Today was the first day in awhile where my legs ended the day sore. It was the first time since the North Carolina that I recall us having a sustained >3000 ft climb. The rest of Virginia had much shorter (although regular) climbs. It was very disappointing to get to the top and see a very mediocre view. The next few days until we get into the Shenandoahs we have several more of them. I hope the weather cooperates so these aren’t too bad.



In the morning I collected wood for Bevo to paint with white blazes similar to the one that I found a few weeks ago. I found a great piece that was like 3 ft long, but it was a long 2 miles to pack it out to Bevo’s friend who was doing trail magic at the next gap.

Bevo’s friend came and dropped off dinner and our packs (we slackpacked today) about .25 miles from the shelter. It was great not having to make dinner. I am looking forward to sleeping in the woods again tonight.

5/10 Thunderhill Shelter to Johns Hallow Shelter (16.3 miles) 

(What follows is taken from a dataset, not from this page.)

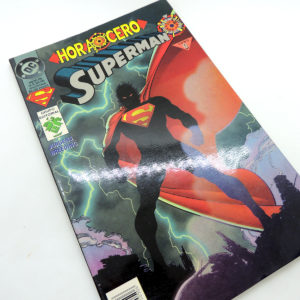 Superman Hora Cero #0 Vid Dc Comic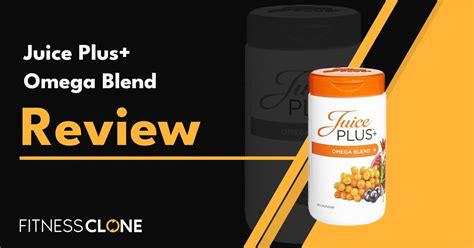 juice plus omega blend reviews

Today was the shortest non resupply day that we have had in awhile. We didn’t get started until 8:30 and took several pretty long breaks even though the terrain was relatively easy. We also had donuts for breakfast that I had packed in the short distance from where Bevo’s friend dropped off our packs it was a great way to start the day. We came across a cool view early in the morning, but the rest of the views for the day were either fogged in or blocked by trees.

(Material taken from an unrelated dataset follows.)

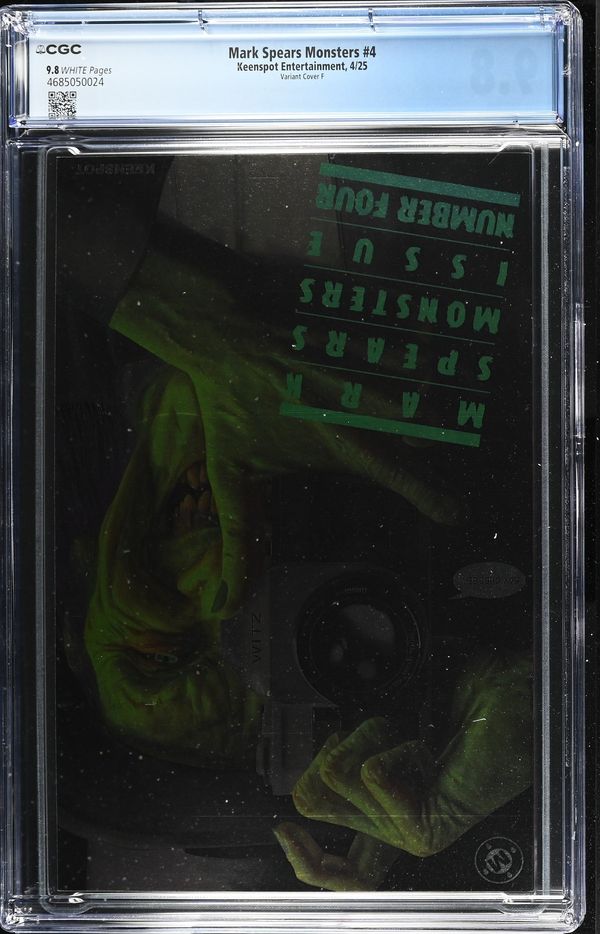Mark Spears Monsters #4 - image 3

This stretch of Virginia has a lot of very large river crossings (>500 ft cross). This means we have had and will continue for the next few days to have very significant ups and downs (>2500 ft). There will be some tough days until we get into Waynesboro. We will not have the luxury of an easy day like today.

I did enjoy the leisurely pace that we took today, although I wouldn’t want to do it regularly. There would be too much sitting around for me. It did allow Stitch and I to have a great conversation about life and relationships. These types of conversations are my favorite type on the trip where you get to hear someone’s perspective that might be totally different than your own.

It’s supposed to rain a lot tonight so I am sleeping in a full shelter for the first time all trip. I hope it goes well. I am in bed very early (5:30) tonight because it started to rain. I read and try to sleep early because we have a big climb tomorrow morning.

5/11 Johns Hallow Shelter to Brown Mountain Shelter (18.3 miles)

We once again woke up to rain and a very dreary day. I am happy that it is at least doing most of the raining at night, but it would be great if we could have a full day of nice weather.

We started the day with a 3000 foot climb up a mountain. i\It was very muggy and uncomfortable. Garfield and I talked about how, for the last week or so, (excluding the nights in Daleville) it has felt like everything is moist. If either of us stopped walking for more than a few seconds our glasses were completely fogged. Thankfully we got above the clouds/ fog and there were some really cool views of some nearby mountains at the top.


It was a pretty uneventful afternoon, but it did feature swimming in a dammed lake which was the highlight of the day. I am happy the weather cooperated enough for us to enjoy it and get a little clean. Since we had a relatively shorter day we got in early enough for us to start a fire. Stitch was really happy to be able to dry out her clothes.

I got into bed early tonight to help prepare for a long day tomorrow.

5/12 Brown Mountain Shelter to The Priest Shelter (22.4 miles)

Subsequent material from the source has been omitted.